Puisqu’une atmosphère chaude peut contenir davantage de vapeur d’eau, le réchauffement augmente aussi l’intensité des pluies, et donc le risque d’inondations. C’est ainsi que les deux tempêtes sévères qui ont frappé Madagascar, le Mozambique et le Malawi, en début d’année, ont vu leur intensité accrue par le réchauffement climatique, selon une étude publiée début avril par le World Weather Attribution.

Une fréquence accrue

En parallèle, la fréquence de ces événements augmente. « À 1,5 °C de réchauffement, une canicule comme celle de 2019 en France se produit tous les dix ans, explique Magali Reghezza, géographe et membre du Haut Conseil pour le climat. À 2 °C, il est probable qu’elle se répète tous les quatre ans. »

→ DÉBAT. Pourquoi reste-t-on sourd aux alertes climatiques ?

Cette multiplication pose des problèmes bien concrets. « Par hypothèse, les inondations à Durban survenaient autrefois tous les cent ans, explique Justin Pringle, ingénieur en mécanique des fluides à l’université de Kwazulu-Natal, située dans cette ville sud-africaine. Si elles deviennent récurrentes, il faudra planifier les nouvelles constructions en conséquence ou encore mettre en place de véritables systèmes d’alerte. »

Cela implique de former des professionnels. « Le problème est celui des échelles de temps : un étudiant entrant à l’université aujourd’hui mettra dix ans à devenir un ingénieur expérimenté ; or le changement climatique s’accélère déjà », poursuit Justin Pringle.

Le poids des facteurs socio-économiques et politiques

Les pays du Sud sont en première ligne face à ces nouveaux extrêmes climatiques. « Beaucoup de zones ont des conditions géographiques défavorables, mais cela se cumule à des facteurs socio-économiques et politiques qui aggravent la vulnérabilité », explique Jasper Knight, professeur de géographie physique à l’université du Witwatersrand (Afrique du Sud). L’habitat informel, la nécessité de travailler malgré les fortes chaleurs, la dépendance économique à l’agriculture rendent les personnes plus sensibles en cas d’aléa.

→ RELIRE. Climat : 2020, année la plus chaude de l’ère industrielle

Les facteurs politiques peuvent également contribuer à aggraver – ou à limiter – les dégâts causés. En Afrique du Sud, plusieurs chercheurs et organisations environnementales ont pointé du doigt la responsabilité du manque d’infrastructures à Durban – sur le plan du drainage notamment – malgré des inondations à répétition.
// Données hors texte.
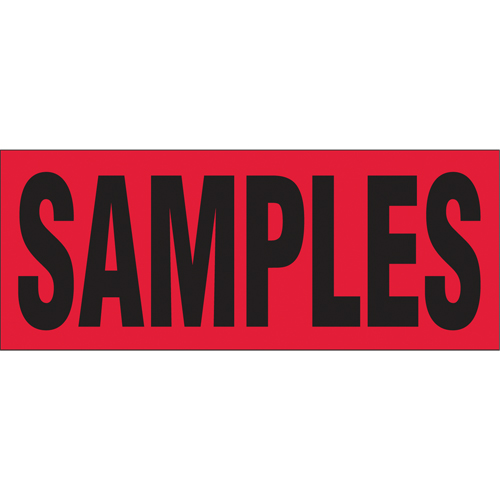 "Samples" Special Handling Labels, 5" L x 2" W, Black on Red Superchem Industries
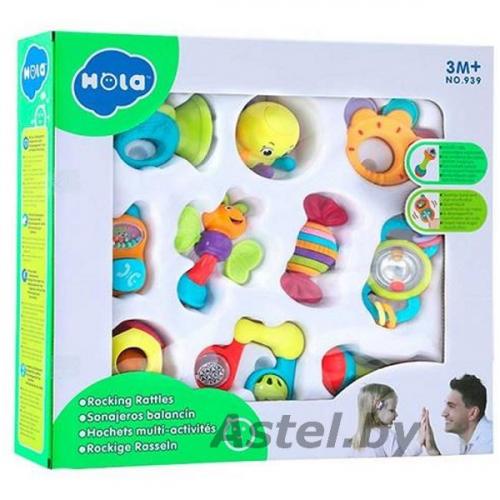 HOLA Игрушка ЗАБАВНЫЕ ПОГРЕМУШКИ набор 10 элементов 939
La question de l’adaptation se pose également en Inde, après plusieurs vagues de chaleur. « Les communautés locales savent très bien réagir en cas de cyclone, car nous en subissons depuis longtemps, explique Madhav Pai, directeur de programme au World Resources Institute, en Inde. La question est la création de véritables plans canicule, qui aillent au-delà de la simple information. »

→ ANALYSECanicule en Inde et au Pakistan, « tout le monde n’est pas égal devant la chaleur »

Aux yeux de Magali Reghezza, du Haut Conseil pour le climat, la problématique de l’adaptation se pose aussi sur le continent européen : « En France, les premières victimes des vagues de chaleur sont les personnes sans abri, explique-t-elle. Il y a par exemple urgence à mettre en place un équivalent du plan grand froid lors des canicules. »

Des « limites dures »

Au-delà de l’adaptation, la multiplication de ces événements rend nécessaire la réduction des émissions de gaz à effet de serre. « Il y a des limites dures à l’adaptation, poursuit la géographe. Au-delà de deux degrés, les événements extrêmes deviennent tellement fréquents et intenses dans certaines zones que l’humain ne peut simplement plus y répondre. »

En Inde et au Pakistan, l’inquiétude monte autour du risque posé par l’augmentation des « températures humides », un mélange de chaleur et d’humidité, qui limite la capacité du corps à évacuer la transpiration, et peut s’avérer létal au bout de plusieurs heures. La limite est de 35 °C TW (pour « températures humides » ). Ces dernières semaines, certaines zones de l’Inde et du Pakistan ont atteint les 29 °C TW.

Ces événements remettent également sur la table la promesse faite par les pays développés d’octroyer 100 milliards de dollars par an pour l’adaptation et l’atténuation du changement climatique dans les pays du Sud, non tenue depuis plusieurs années. Dimanche 1er mai, le secrétaire général des Nations unies, Antonio Guterres, a enjoint aux pays riches de « passer aux actes ».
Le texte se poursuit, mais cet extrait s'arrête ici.